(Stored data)
====

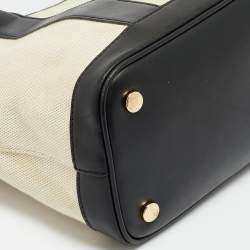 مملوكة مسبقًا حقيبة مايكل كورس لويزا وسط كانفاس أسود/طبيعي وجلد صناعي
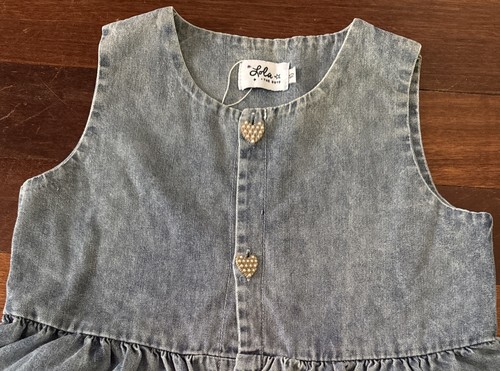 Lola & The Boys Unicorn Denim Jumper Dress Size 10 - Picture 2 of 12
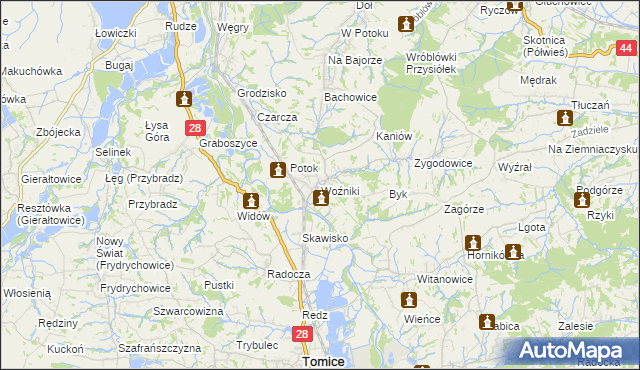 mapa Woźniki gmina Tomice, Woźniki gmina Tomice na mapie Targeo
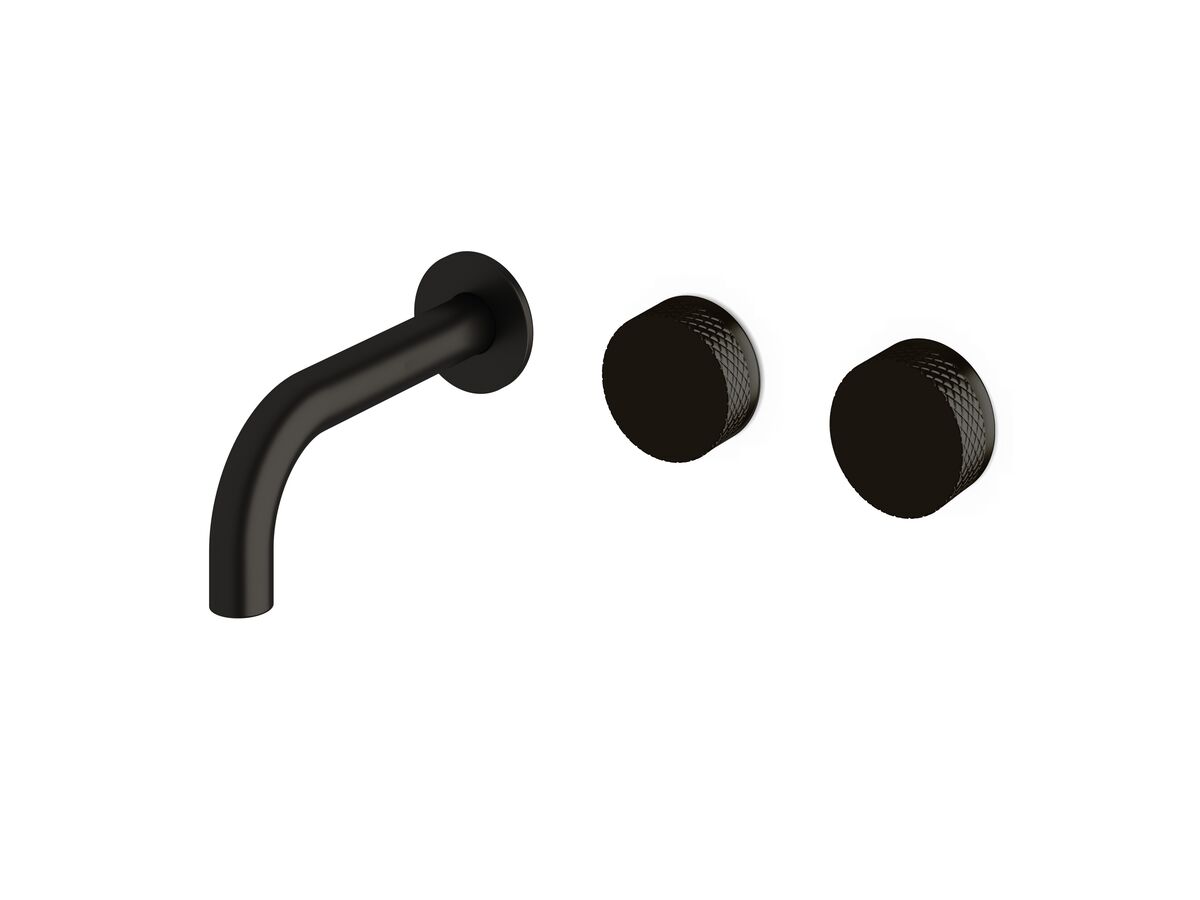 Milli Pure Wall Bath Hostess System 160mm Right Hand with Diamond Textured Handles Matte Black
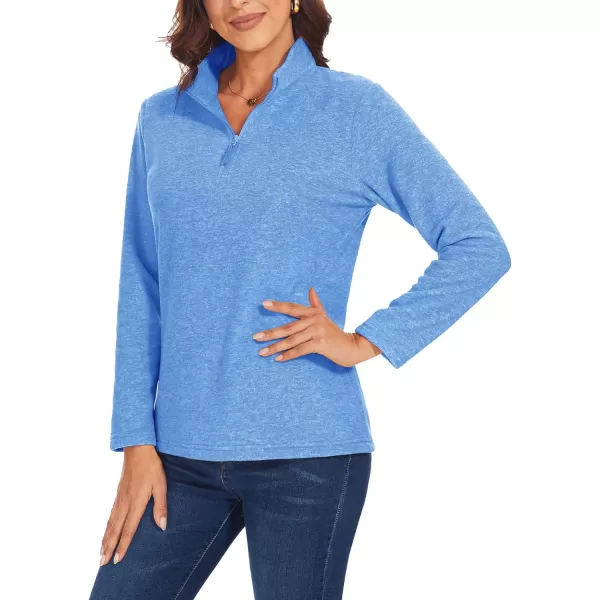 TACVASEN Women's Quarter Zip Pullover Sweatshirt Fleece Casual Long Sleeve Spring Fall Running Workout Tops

====

— Exercise description —
Write out the entries above verbatim, without pictures.

— Exercise result —
 مملوكة مسبقًا حقيبة مايكل كورس لويزا وسط كانفاس أسود/طبيعي وجلد صناعي
 Lola & The Boys Unicorn Denim Jumper Dress Size 10 - Picture 2 of 12
 mapa Woźniki gmina Tomice, Woźniki gmina Tomice na mapie Targeo
 Milli Pure Wall Bath Hostess System 160mm Right Hand with Diamond Textured Handles Matte Black
 TACVASEN Women's Quarter Zip Pullover Sweatshirt Fleece Casual Long Sleeve Spring Fall Running Workout Tops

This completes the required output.